In this study, cp genomes for one Vietnamese A. bockiana were sequenced, and performed comparative analyses with cp A. dumosa genome and cp A. angustifolia genome to establish the position of A. bockiana in the Pentaphylacaceae family. The analysis results of gene organization along with the codon usage patterns showed high conservation ability, which can be powerful in terms of phylogenetic and population genetics studies. This feature is consistent with the that plastome of flowering plants harbor highly conserved structure and gene content (Daniell et al. 2016; Palmer 1985).

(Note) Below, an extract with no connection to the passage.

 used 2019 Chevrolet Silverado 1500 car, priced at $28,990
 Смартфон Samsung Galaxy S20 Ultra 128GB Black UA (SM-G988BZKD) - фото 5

When analyzing Adinandra plastomes, the typical tetraploid structure and the expected size (~ 15.6 kbp) for angiosperms were determined. In previous studies, the angiosperm plastomes harbor 129 genes with 18 genes including introns, and witnessed the conservation of gene contents (Jansen et al. 2007; Palmer 1985). The cp genome of A. bockiana similarly contains 129 genes, and twenty of them consist of introns. And the cp genomes of all four species, A. bockiana, A. megaphylla, A. millettii, and A. angustifolia, contain 70 small repeats in both the coding and non-coding regions. The number of repeat sequences is significantly higher than other counterparts (32–49 long repeats in Curcuma, 49 in Hibiscus syriacus, 42 in S. adstringens 49 in Papaver spp. (Cheng et al. 2020; Gao et al. 2018; Liang et al. 2020; Souza et al. 2019; Nguyen et al. 2021a, b). In several angiosperm taxa, repeats are particularly related to the plastome reconstruction and can be marked as a signal of recombination (Jansen and Ruhlman 2012). Because of the potential to create secondary structures, recognition signals during the recombination process can be identified by repeated sequences (Kawata et al. 1997). Due to the predominance of uniparental inheritance, recombination is suggested that rarely occurs in angiosperms. In angiosperms, homological recombination at the molecular level has been identified in some cases (Medgyesy et al. 1985; Sullivan et al. 2017). So far, plastome recombination in the taxa has not received much attention. Furthermore, plastome recombination has not been found in the Pentaphylacaceae family. In this study, inter- and intra-specific plastome recombination could not be strongly indicated by the higher number of repeats evaluated. Complete chloroplast genomes provide sufficient information to construct phylogenetic relationships of plants, especially classification in lower taxonomic levels (He et al. 2012; Zhang et al. 2016). Among plant DNA barcodes, matK is one of the common candidates (Dong et al. 2014). Nevertheless, the phylogeny analysis revealed that different results for species classification from different genes can be generated by using only a single gene. Using more than one barcode can provide better phylogeny results.

Conclusion

In this study, the gene content and organization, distribution of sequence variation, repeats, and structural characteristics of complete cp genomes in species A. bockiana were revealed. Overall, the cp genome of four species, A. bockiana, A. megaphylla, A. millettii, and A. angustifolia, has a similar structure and content of genes and a high degree of conservation. The structural variations and absence of no expansions and contractions in the IR region were identified in four species, A. bockiana, A. megaphylla, A. millettii, and A. angustifolia. The cp genome information of A. bockiana in this study can be useful for cp genome studies of species belonging to the Adinandra genus and further explore phylogenetic relationships in the Pentaphylacaceae family.